Sé que después de la apasionante última entrada sólo deseáis que vuelva a actualizar sobre mis andanzas en México. Sin embargo hoy, si bien el tema no deja de estar relacionado con tan hermoso país, no quiero hablar de mí.
Mediante una canción de las que no abundan, de las que trascienden su notable calidad musical y lírica para invitar además a una reflexión profunda, quiero tratar un tema que a todos nos identifica: las relaciones filiopaternales. Concretamente esas luchas que durante años hemos librado con nuestros padres y de vez en cuando regresan para recordarnos que, tengamos la edad que tengamos, no han perdido completamente su vigencia.
Quién no ha pasado horas y horas discutiendo con sus padres sobre la hora de volver a casa. Quién no se ha encerrado en su cuarto sintiéndose marginado al ser el único al que sus padres no dejaban ir a la fiesta, botellón, etc de turno. Quién no le ha gritado a su padre alguna vez la pregunta: ¡¿pero por qué le colgaste a mi booyfriend?!
Estoy enamorada – Yolanda Pérez
Vídeo aquí
Desde luego habría tenido muchos menos problemas con mi padre si hubiera vestido con poncho y sombrero mexicano dentro de la casa.
-Él sí me quiere, dad, ¿ya no te acuerdas, dad?
¡Tú a mi mom te la robaste cuando ella tenía mi edad!
-Pues sí, sí me la robé,
pero ella sabíar tortear en fogón, ¡tú, puro microwave!
La sabiduría, aquí encarnada por el progenitor, nos muestra cómo la madurez mental de una mujer y por tanto su ideoneidad para tener una relación es directamente proporcional a su capacidad como cocinera.
Tú y mi mamá no cambian
Son bien aburridos.
Ya no están en su rancho,
¡están en Estados Unidos!
La hija, sin embargo, argumenta que ya no son vulgares rancheros mexicanos anclados a tradiciones mojigatas. Ahora están en los States y deben modernizarse y adaptarse a la liberal forma de vida estadounidense.
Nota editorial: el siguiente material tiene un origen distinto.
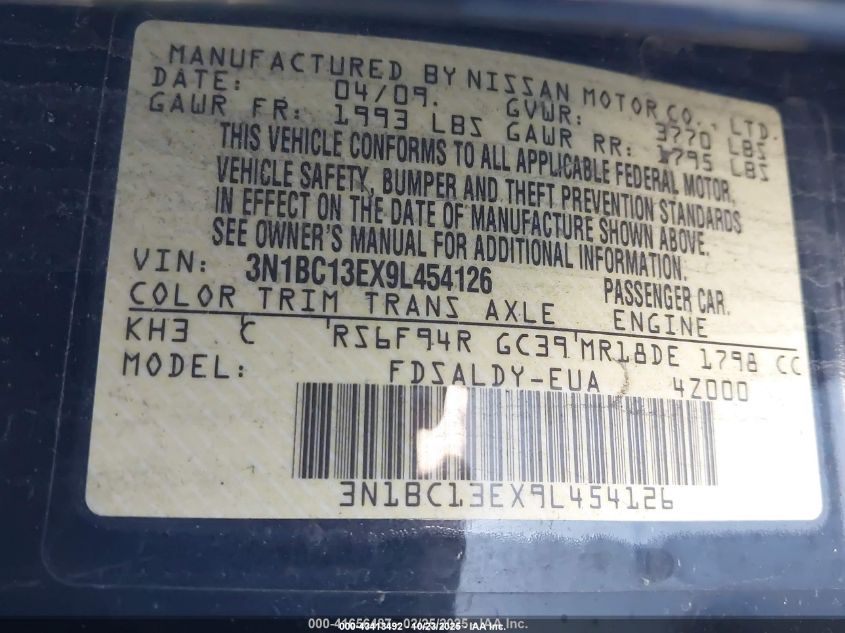 2009 Nissan Versa 1.8S VIN: 3N1BC13EX9L454126 Lot: 43413492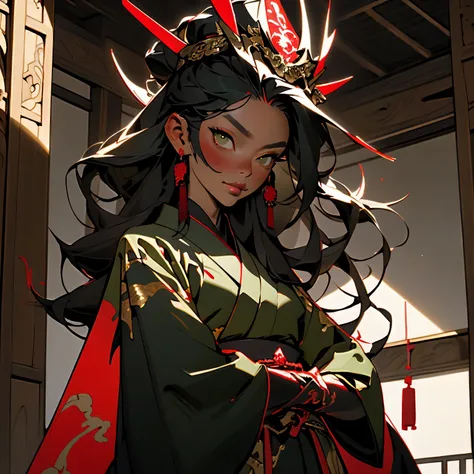 feudal japan empress, dressed in black red and gold robes, ((olive skin)), tan skin, dark skin, long hair, dark hair with soft curls, green eyes, (adult), palace in the background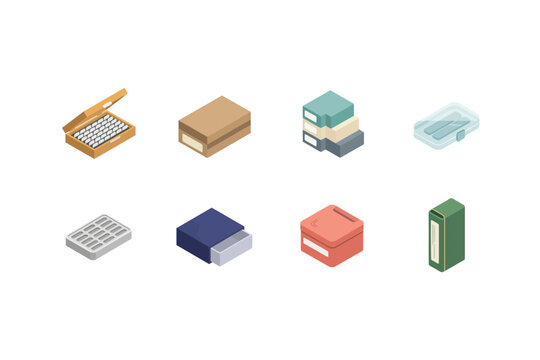 Isometric office supply and storage box set featuring various cardboard containers files and organizers for business organization concepts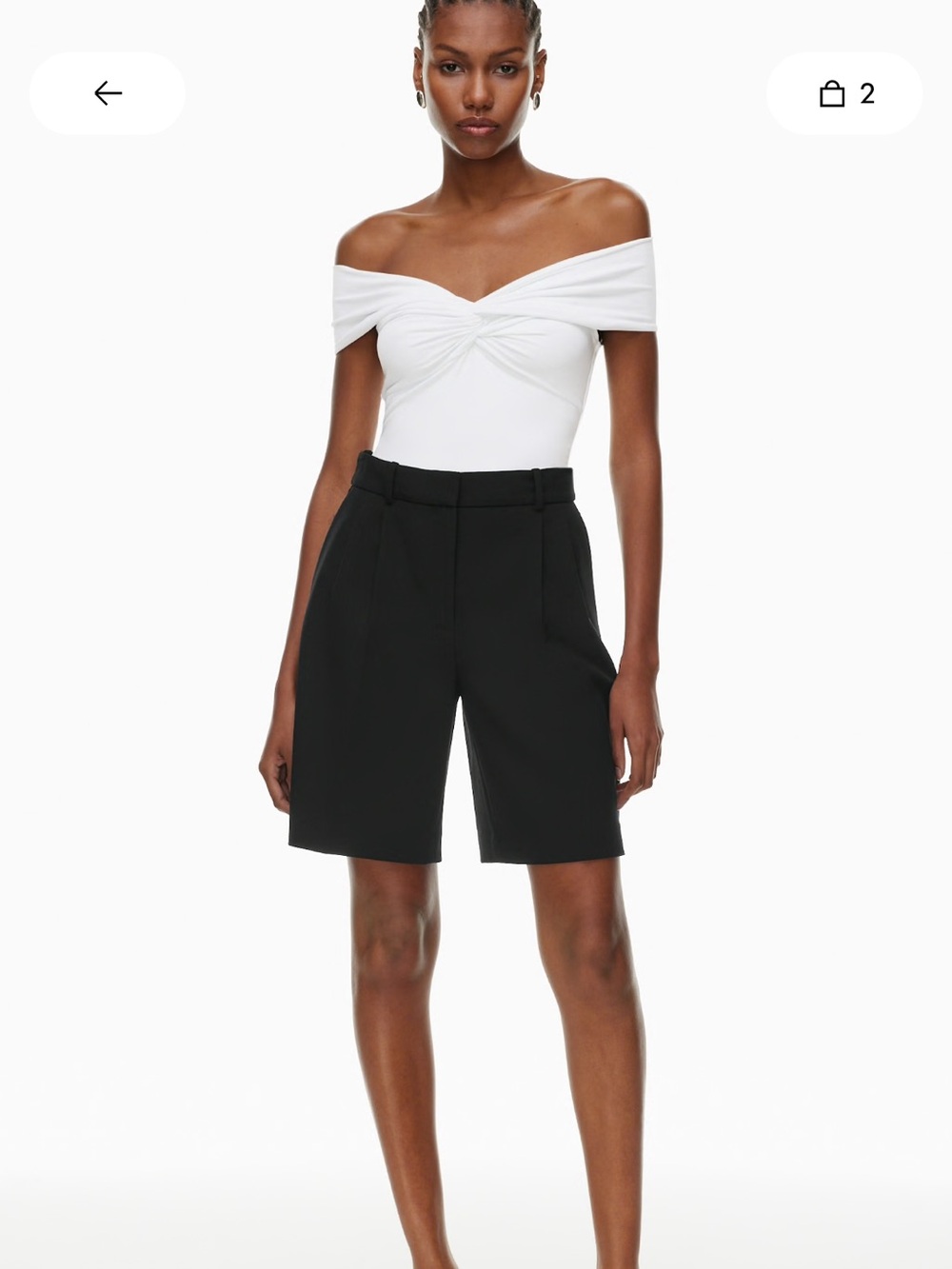 Aritzia Contour Twist Off Shoulder Top Small White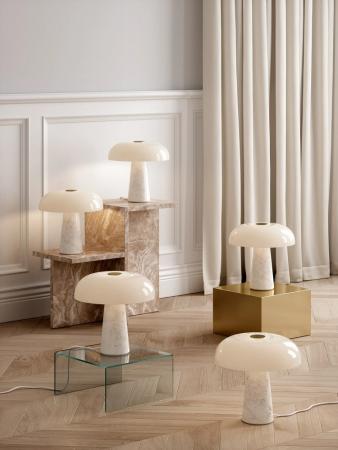 DFTP Glossy Tischleuchte Marmor in Opal weiss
No sé de qué lado ponerme. Pero mejor así, no quiero influiros. La canción da para un profundo análisis sociológico, pero lo dejaré ahí para dejar que vosotros lo meditéis.
La hija se llama Yolanda Pérez, la “Potranquita”, y se supone que la canción es suya, aunque estaréis de acuerdo conmigo en que el protagonista absoluto es el padre.
Él resulta ser Don Cheto, un personaje famoso entre la población inmigrante de habla hispana en California, donde, al igual que en el vídeo, interpreta el estereotipo mexicano. Ha tenido programas de radio, ha sacado discos y en la actualidad presenta un programa de televisión. Tiene incluso colaboraciones con Calle 13 y podéis ver en la reacción del público y los comentarios del vídeo que es para muchos tan estrella como el mismísimo grupo puertorriqueño. En la canción del vídeo Don Cheto habla de los espaldas mojadas y culpa de la inmigración ilegal a la autoridad mexicana y sus mordidas, la corrupción cotidiana en México. Lo cual da una imagen de él bastante menos plana de la que uno puede extraer del dueto con la “Potranquita”.
Si alguien, por cierto, quedó prendadito de los sensuales movimientos y pícaras miradas de Yolanda, añadiré que la canción tiene casi 6 años, tiempo más que suficiente para que la joven haya aprendido a cocinar y puedas pedir la mano a su padre.
Gracias a Sergio por enseñarme el vídeo, el cual tuve que prometer que no pondría en mi blog antes que él.
¿Alguien ha tenido que ocultar inevitablemente una relación ante sus padres o, aún peor, ha sido la pareja en la sombra de quien los “suegros”, por llamarlos de algún modo, no podían conocer la existencia? Yo lo segundo, a los 16, en mi primera relación medio estable.

febrero 19th, 2010 at 3:09 pm
¡No he podido evitar reír al escuchar la canción!
febrero 28th, 2010 at 11:37 pm
Por eso antes mi blog era el encuentro de “los hermanos parricidas”. Hasta que le quite melodrama
marzo 2nd, 2010 at 10:53 pm
Jajajaja, me encanta el video…
marzo 2nd, 2010 at 10:56 pm
Desde luego, para qué dedicarle el título del blog, Julio, si puedes hacer una canción con la que tu padre se dé por aludido.
Me alegro de que tengáis tan buen gusto como yo.